Przecież na rozprawie wstał i powiedział, że chce odwołać to co powiedział w prokuraturze. Jak sąd zapytał dlaczego, to odpowiedział "Bo kłamałem". Więc chyba to podchodzi pod składanie fałszywych zeznań?
Bartek najpierw się wypierał się wszystkiego w prokuraturze począwszy od zdrady aż po pytania o bicie żony dlatego na końcu powiedział że mówił nieprawdę przyznał się że doprowadził Beatę do próby samobójczej tym że ją zostawił i znęcał się nad nią psychicznie i fizycznie. Czytałam książkę " Plac Zbawiciela" autorstwa reżyserów Joanny Kos- Krauze i Krzysztofa Krauze i tam dokładnie było opisane( przesłuchania świadków)
No właśnie o to mi chodziło. Za samo składanie fałszywych zeznań nie dostałby od Witka po pysku. ;) A i jego matka przed sądem by tak nie rozpaczała i nie groziłaby mu tylko za to kara pozbawienia wolności.
Tak, ale ktoś zadał pytanie za co on był oskarżony, a nie za co dostał po pysku :)

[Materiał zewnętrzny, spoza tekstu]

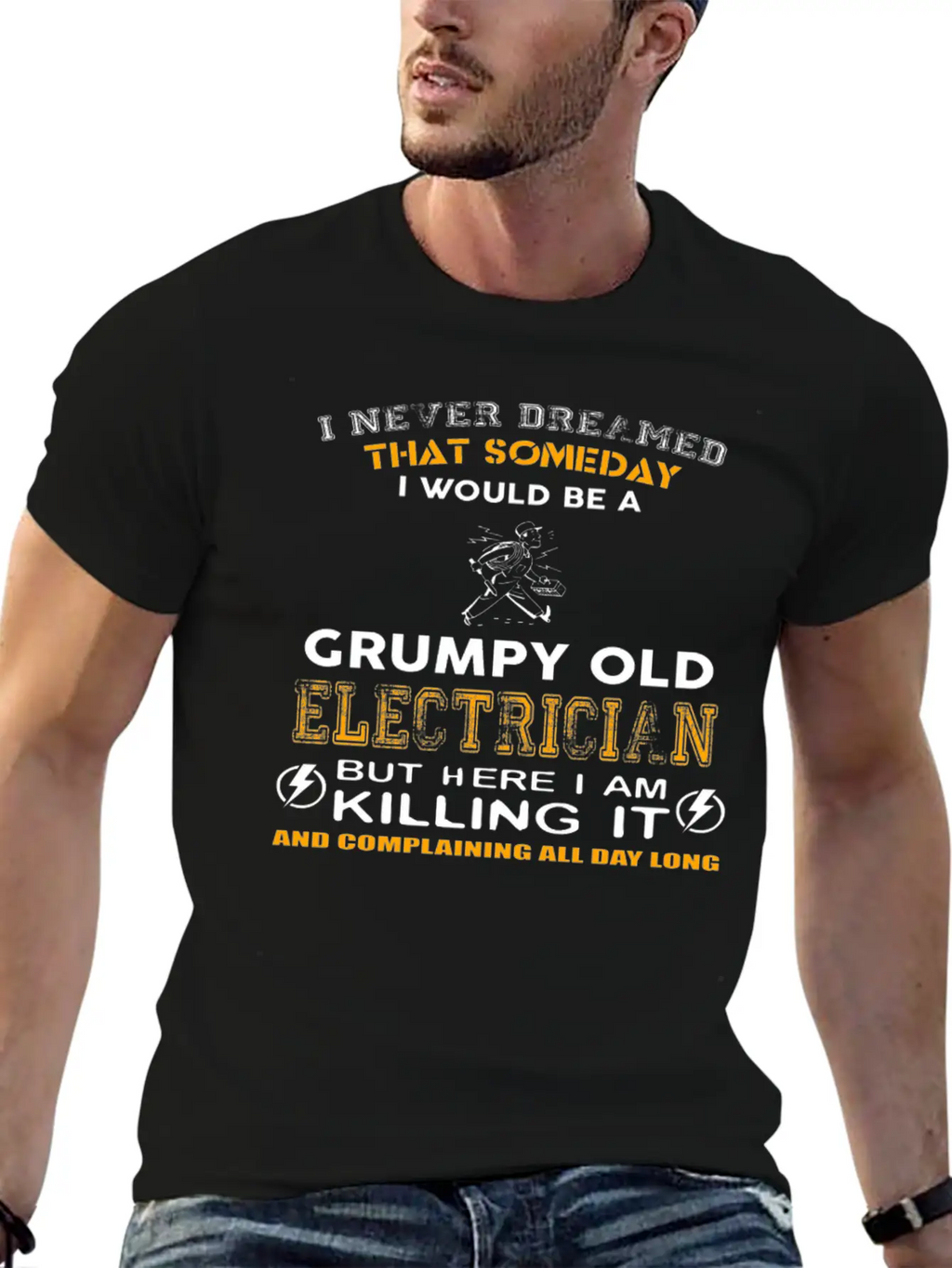 Someday I Would Be A Grumpy Old Electrician Classic Fit Graphic Tee For Daily Comfort – Unisex Cotton Shirt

Ale to się ze sobą wiąże. ;) Nie dostaje się po pysku za składanie fałszywych zeznań, przynajmniej w tym filmie kompletnie nie było ku temu powodu. ;) Ale już za znęcanie się nad żoną - a i owszem, za to się należało. Bartek się przyznał do wszystkich krzywd, jakie wyrządził żonie, po tym, gdy próbowała zabić siebie i dzieci. "Mądry Polak po szkodzie" - tak stare, a tak aktualne. :)
Dostał po pysku od tego dużego, bo oni (on i Beata) byli kiedyś razem. Można to wywnioskować z tej sceny jak rozmawiają tam na wsi, o domie itd. Było tak niezręcznie. Dowiedział się o tym i wkurzył się, jak mógł ją tak potraktować ten ch**j. A byli ze sobą za czasów LO, wg mnie :)

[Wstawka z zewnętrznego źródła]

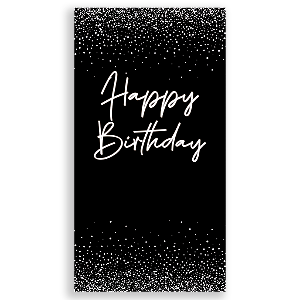 Capa Mini Faixa Lateral Sublimado - Happy Birthday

A o co był oskarżony ten rudy no to chyba było jasno powiedziane przez jego samego "mówiłem nieprawdę" czy coś tam
O związku Witka i Beaty pisałem już wyżej, także nie jest to coś, czego nie zrozumiałem. ;)
ja po scenie rozmowy, doszłam do wniosku że Witek jest bratem beaty, i on i druga siostra ustawili się a Beata że miastowa to niech radzi sobie sama, i wykolegowali ją z majątku. ale to bez znaczenia, bo jak wyżej pisałam żaden z niego bohater, nie pomógł jak był czas..

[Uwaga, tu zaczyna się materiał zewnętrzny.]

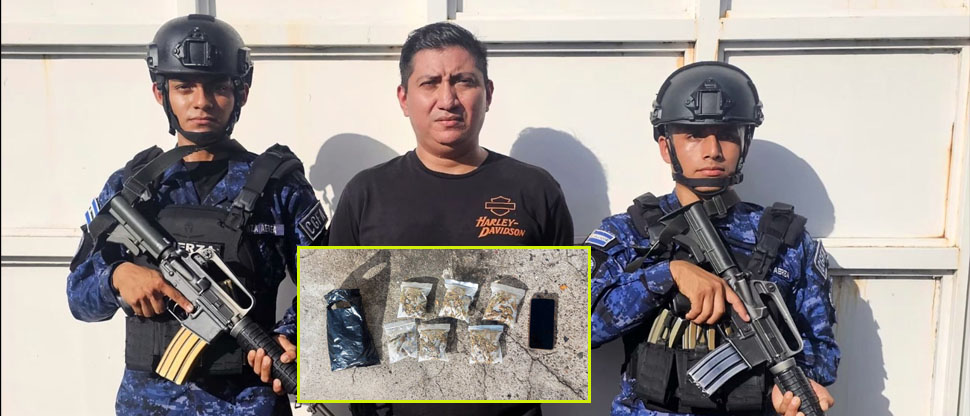Militares ubican a pandillero que transportaba porciones de marihuana y dinero ilícito
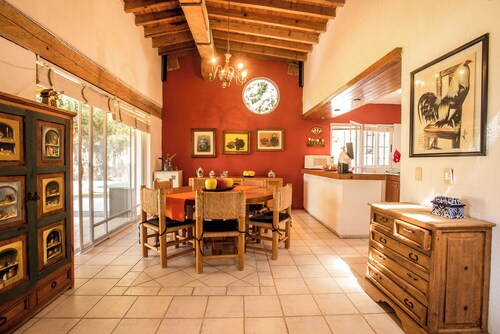 Country house with 2,500m of private garden and playground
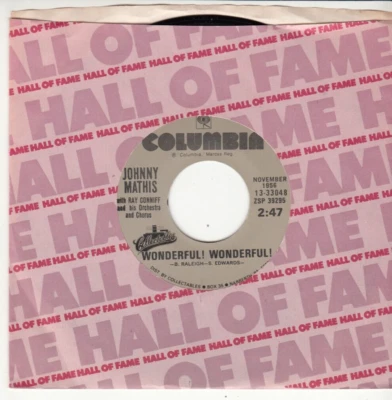 JOHNNY MATHIS - WONDERFUL! WONDERFUL!/TWELFTH OF NEVER - MINT REISSUE 45 - NEW - Image 1 of 2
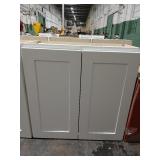 30" 13" 30" Wall Cabinet - White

Witek to jej były chłopak ze wsi. On się w niej kochał cały czas, nie założył rodziny bo myślał ,że Beata wróci do niego. Nie pomógł bo nie wiedział nic o jej problemach, bo Beata nikomu się nie zwierzała a siostra też obcym się nie spowiadała. W sądzie dopiero całej prawdy się dowiedział i dlatego uderzył Bartka.
Świadek składający fałszywe zeznania może zostać oskarżony o popełnienie występku, zagrożonego karą pozbawienia wolności do lat trzech. Osoba zeznająca w charakterze świadka przed złożeniem zeznania zostaje poinformowana o odpowiedzialności karnej za składanie fałszywych zeznań.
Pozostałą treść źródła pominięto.